▶ **Task to carry out**:
Retyped exactly and without pictures, the lines from the one with "外星人 桌布 壁紙 —" through the end of the listing must form the entire answer.

▶ **Data shown**:
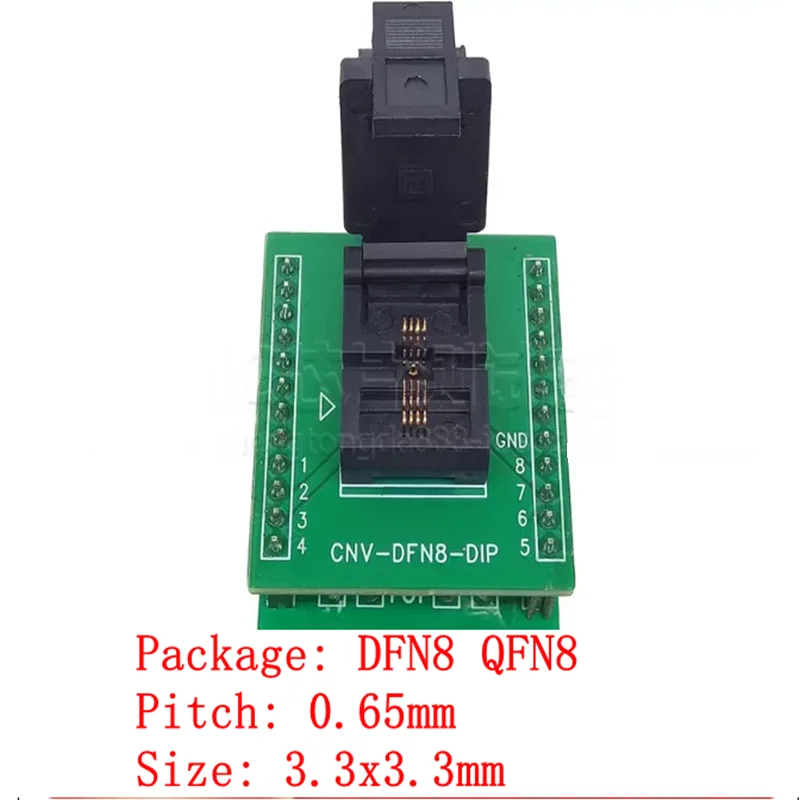 QFN8 Programming Socket DFN8 Test Socket  DFN8/QFN8 2x2 2x3 3x3 3.3x3.3 Pitch 0.5mm 0.65mm IC Aging Socket
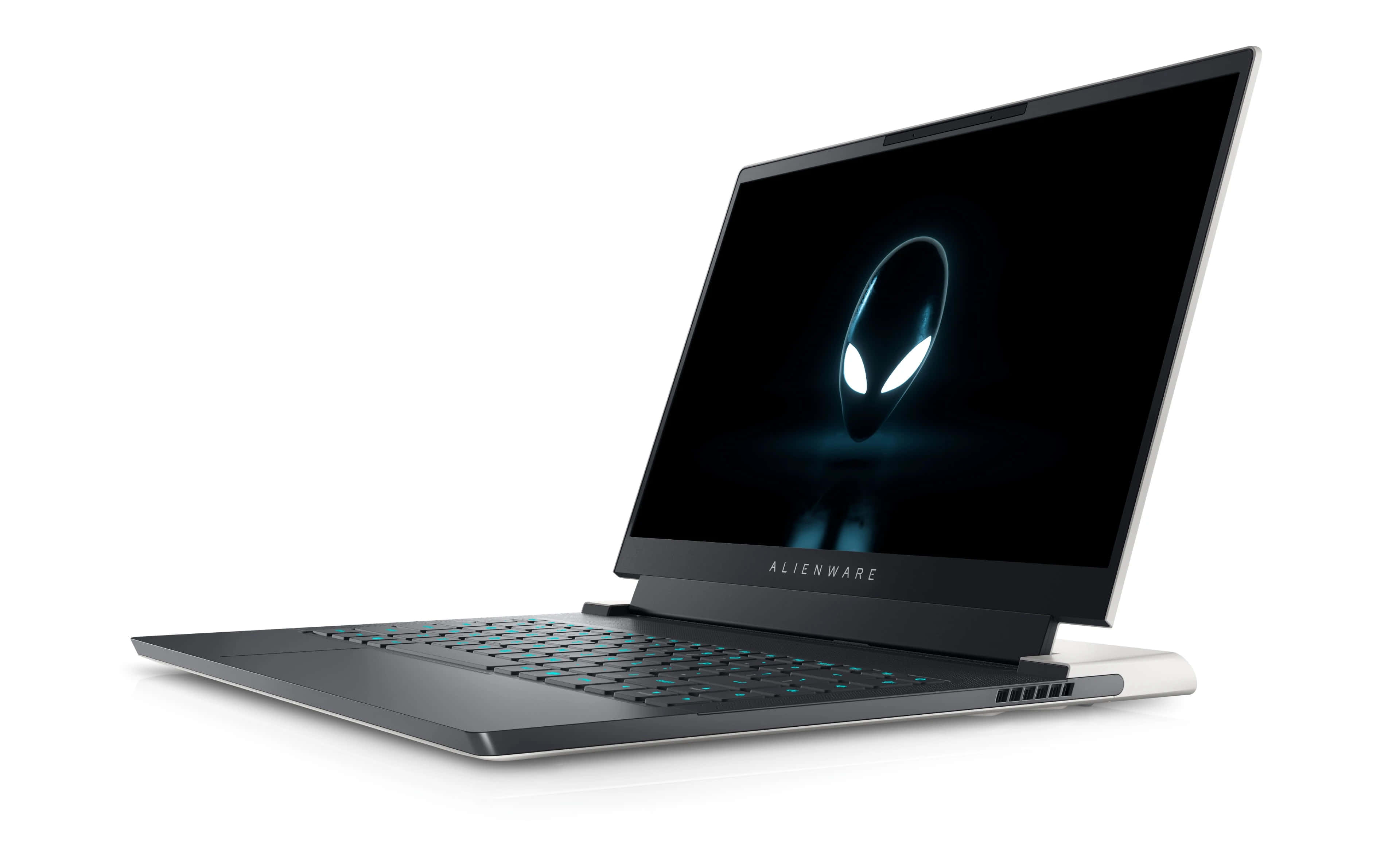 外星人 桌布 壁紙 — 一台時尚的黑色Alienware筆記型電腦，帶有發光鍵盤和螢幕上外星人標誌，背景為白色。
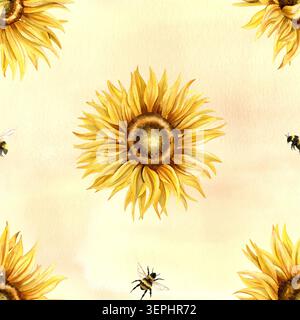 Motif aquarelle de tournesol isolé sur fond jaune. Fleurs florissantes sans couture répéter l'illustration florale botanique peinte à la main. Pour textile Banque D'Images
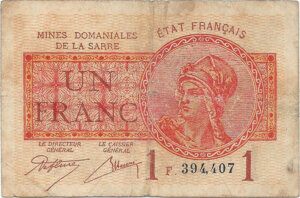 1 franc Mines domaniales de la Sarre type 1920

▶ **Response for this exercise**:
 外星人 桌布 壁紙 — 一台時尚的黑色Alienware筆記型電腦，帶有發光鍵盤和螢幕上外星人標誌，背景為白色。
 Motif aquarelle de tournesol isolé sur fond jaune. Fleurs florissantes sans couture répéter l'illustration florale botanique peinte à la main. Pour textile Banque D'Images
 1 franc Mines domaniales de la Sarre type 1920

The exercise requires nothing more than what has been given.